Monday, December 30, 2013

Nancy Drew and the Case of the Politically Incorrect Children’s Books

The young sleuth’s early mysteries were racist and anti-Semitic. Can problematic vintage texts still be valuable for kids?

By Marjorie Ingall for Tablet Magazine

When I was 10, I loved the The Hardy Boys/Nancy Drew Mysteries on TV. My first seditious Jewish act was playing hooky from a Holocaust memorial service, pretending to be sick so I could stay home and watch a rerun (a rerun!) of an episode in which Shaun Cassidy’s shirt was unbuttoned.

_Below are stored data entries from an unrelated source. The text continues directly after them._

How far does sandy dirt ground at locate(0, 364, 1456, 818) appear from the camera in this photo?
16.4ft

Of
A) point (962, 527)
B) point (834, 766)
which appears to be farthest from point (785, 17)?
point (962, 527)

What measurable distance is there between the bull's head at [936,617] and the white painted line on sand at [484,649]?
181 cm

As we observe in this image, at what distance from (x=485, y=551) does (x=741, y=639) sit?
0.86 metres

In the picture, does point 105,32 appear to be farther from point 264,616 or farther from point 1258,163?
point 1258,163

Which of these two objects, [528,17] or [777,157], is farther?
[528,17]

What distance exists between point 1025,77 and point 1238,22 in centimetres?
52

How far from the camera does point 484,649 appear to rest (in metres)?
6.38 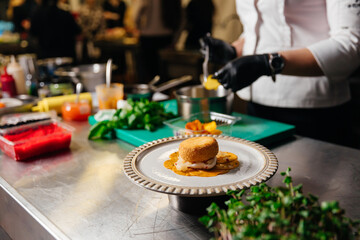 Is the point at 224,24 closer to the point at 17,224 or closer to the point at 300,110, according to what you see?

Nancy DrewBut I turned up my nose at the Hardy Boys books. I was a Nancy Drew girl, all the way. In print, when not being played by the floppy-haired 1970s equivalent of One Direction, the Hardy Boys were boring as Weetabix. They were upright Boy Scouts, doing what boys were supposed to do. Nancy, on the other hand, was singular. If Harry Potter was The Boy Who Lived, Nancy was The Girl Who Dared. She was brave, rash, fierce. She had a snazzy car. She solved crimes that flummoxed the cops, snuck around in old abandoned houses, got locked in closets by bad guys … and she always kept her cool. Her mom had died when she was little, but her dad adored and trusted her and gave her free rein to save others. She was in charge, not her boyfriend, Ned Nickerson. She was beautiful, but she wasn’t an object. She was a doer.

Little did I know Nancy Drew had such a troubled past.

***

More than 200 million Nancy Drew books have been sold in the United States since their debut in 1930. Nancy has starred in numerous movies and updated reboots, graphic novels, and electronic games. Earlier this year, when Ruth Bader Ginsberg was asked who her heroes were, she said, “I suppose mine was Nancy Drew, because she was a girl who was out there doing her work and dominating her boyfriend.” (Back in 2010, she said more seriously, “I think that most girls who grew up when I did were very fond of the Nancy Drew series. Not because they were well-written—they weren’t—but because this was a girl who was an adventurer, who could think for herself, who was the dominant person in her relationship with her young boyfriend. So, the Nancy Drew series made girls feel good, that they could be achievers and they didn’t have to take a back seat or be wallflowers.”)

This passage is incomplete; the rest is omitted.